Following Zambia, Kenya is investigating the possibility of a digital currency
Kenya’s central bank has asked the public to share their thoughts on the possibility of adopting a digital currency by May 20th, just one day after it was revealed that Zambia is also testing its viability.
Nigeria was the first African country to launch its central bank digital currency (CBDC), dubbed the eNaira, in October last year, while Ghana is said to be nearing completion of its e-cedi launch. In addition, the Bank of Zambia is conducting research on digital currencies. CBDCs, unlike cryptocurrencies such as Bitcoin and Ethereum, are created by central banks and are pegged to national currencies.
The Central Bank of Kenya (CBK) issued this document today as the basis for a public discussion, noting that cost reduction, interoperability, and improved cross-border payments would be the primary drivers of digital currency adoption in Kenya. According to the CBK, mobile money (e-money), which was pioneered by East Africa’s largest economy in 2007, has already helped the country improve access to financial services — one of the value propositions of digital currencies.
“The trend in Kenya’s domestic payments suggests the existence of a robust, inclusive, and highly active digital currency (e-money).” As a result, given the existing and growing penetration of mobile money, the CBK believes that introducing a CBDC into Kenya’s payments system would not be primarily focused on improving access to financial services.
According to CBK data, Kenya’s 38 million mobile money subscribers transacted a total of $55 billion in the first 11 months of last year. This represents a 20% increase over the same period the previous year.

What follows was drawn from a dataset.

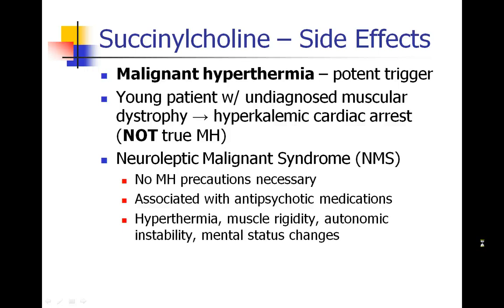Succinylcholine can precipitate malignant hyperthermia, which we've discussed in earlier lectures. I want to remind you that there are certain things that are not malignant hyperthermia — for example, a young male patient, usually a child, who gets succinylcholine and dies of a hyperkalemic cardiac arrest. Usually this is not true malignant hyperthermia, but in fact this is a young boy who has undiagnosed muscular dystrophy, which led to a very large number of acetylcholine receptors throughout his body. Remember that some patients have neuroleptic malignant syndrome, which occurs in response to antipsychotic medications. While many of the symptoms look like malignant hyperthermia — hyperthermia and muscle rigidity — we don't need to take malignant hyperthermia precautions in these patients, and they may certainly have succinylcholine without any concern.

“In the future, connecting our payment systems across the region and globally will be critical.” Existing proposals suggest that CBDC has the potential to achieve this interoperability,” the CBK said.
According to the CBK, a digital currency that is compatible with others could help improve cross-border payments, which are currently slow and expensive. According to the IMF, discussions are ongoing on how CBDCs could be used for cross-border payments, but this, too, has potential risks.
“Adverse macroeconomic consequences, such as increased currency substitution and vulnerability to financial shocks, are possible as retail CBDC becomes available across borders,” the IMF stated in a paper released yesterday.
To date, nine countries have launched a digital currency, with Nigeria being the first outside the Caribbean — 14 are in the pilot stage while 87 others are exploring it.